There are a few considerations to take into account:

  1. These tools are often operated by different business units and have different objectives for the data sets
  2. Connecting two entities requires a single interface. Connecting three entities (ie OSS, BSS and GIS) needs up to three interfaces. [Note: The complexity keeps on climbing exponentially as more entities are added by the way.]
  3. When there is one interface, it’s usually relatively easy to decide which entity is the data master and which is the slave. Sometimes this is not so easy when there are three or more entities
  4. More importantly, you need linking key pairs on each of the interfaces and possibly a consistent linking key across all interfaces
  5. Each of the interfaces may have different interface mechanisms (eg XML, ODBC, SNMP, etc)
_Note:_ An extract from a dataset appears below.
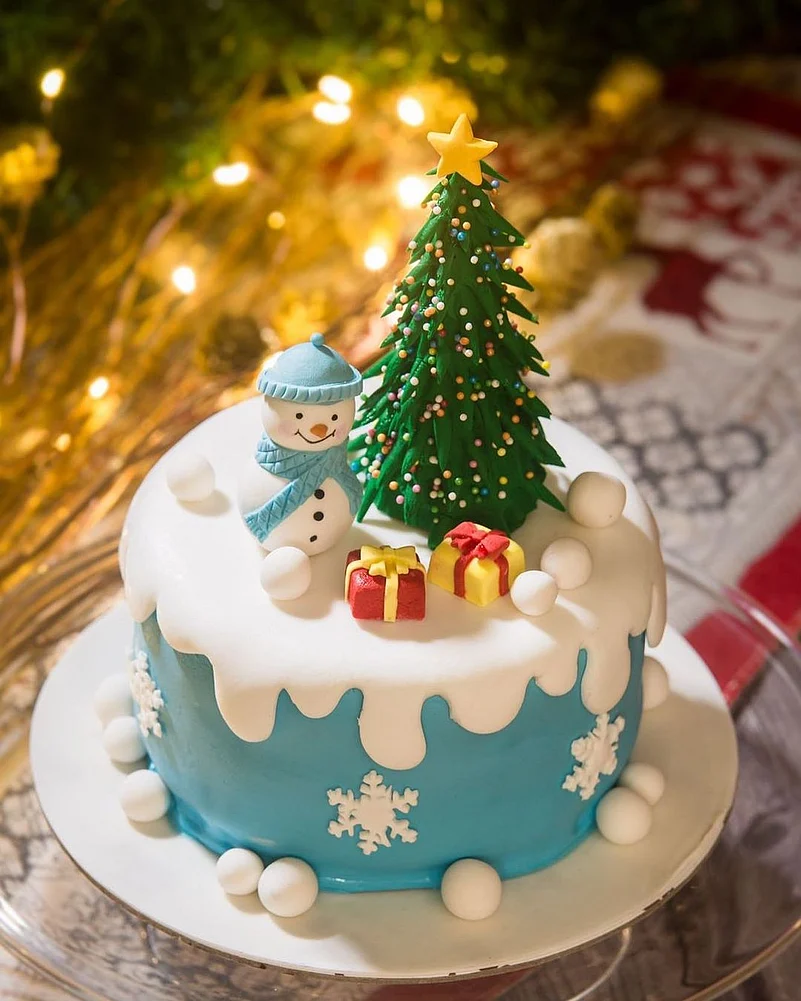 Christmas special cake at Kookie Jar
Let’s use the example of an inventory use-case across the three entities.

  • The OSS stores an inventory item (eg a router). The OSS stores its device_name, location and optionally stores GPS_coordinates and serial_number
  • The BSS stores the inventory item in its Fixed Asset Register (FAR). The BSS stores purchase_date, expiry_dateserial_number and might also optionally store device_name and location
  • The GIS simply plots objects based on object_type at the nominated GPS_cords

There’s a fourth entity, the router itself, which also comes into play but we’ll just assume that it presents via the OSS for now.

Assuming we already have all the interfaces developed and operational, we now have to identify a workflow that allows the data to correlate and synchronise between systems.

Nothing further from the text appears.